Exercise goal: Your copy of the data should match it exactly, leaving out only the pictures.

Data provided:
[Start of Attachment]
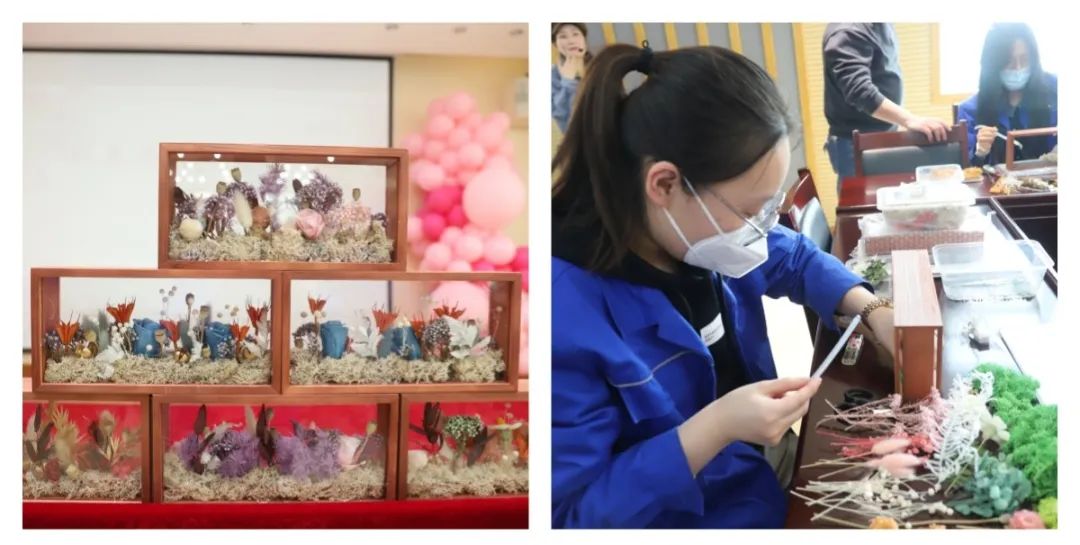 16787941667484.jpg 2.jpg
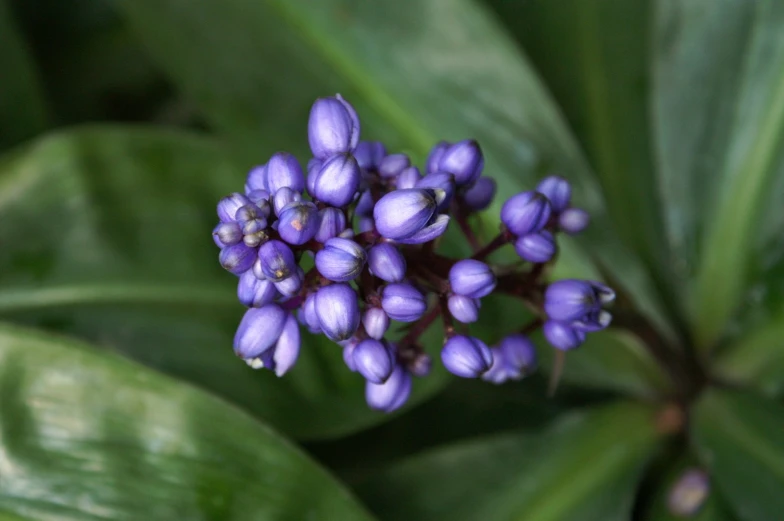 closeup of purple flowers on a green plant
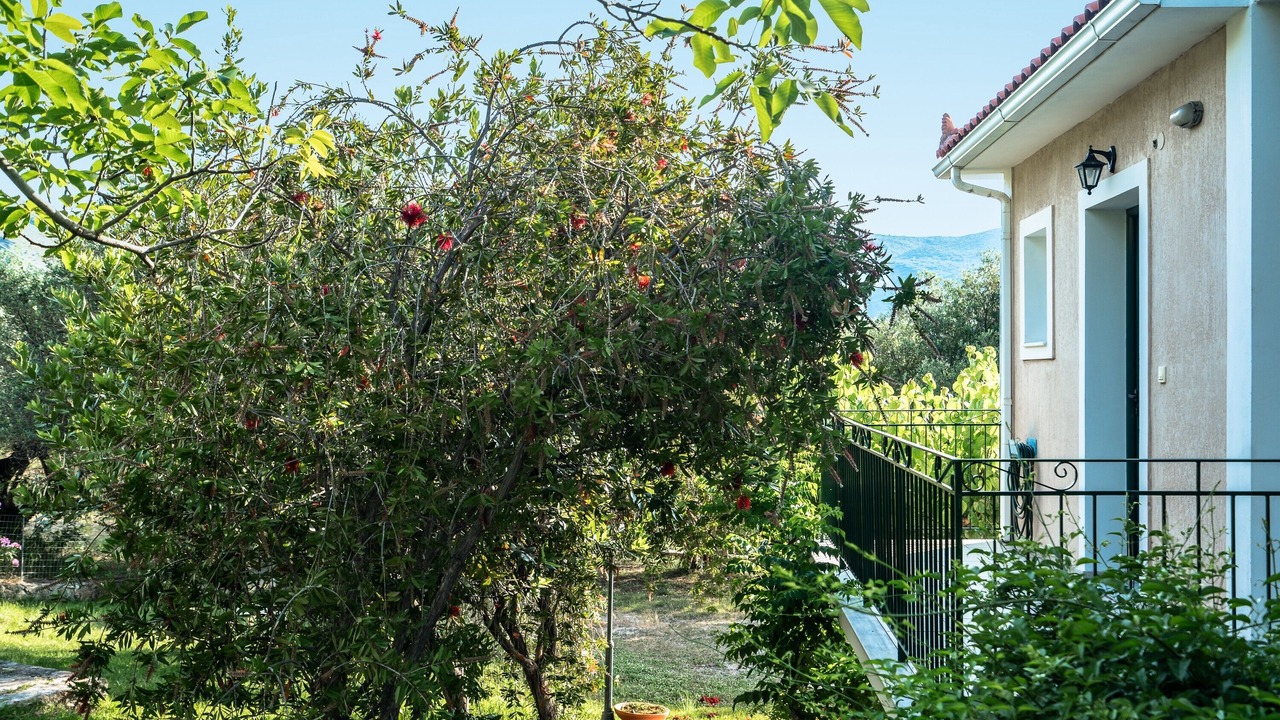 Photo of Outdoor in Kateleios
[End of Attachment]
Task answer:
 16787941667484.jpg 2.jpg
 closeup of purple flowers on a green plant
 Photo of Outdoor in Kateleios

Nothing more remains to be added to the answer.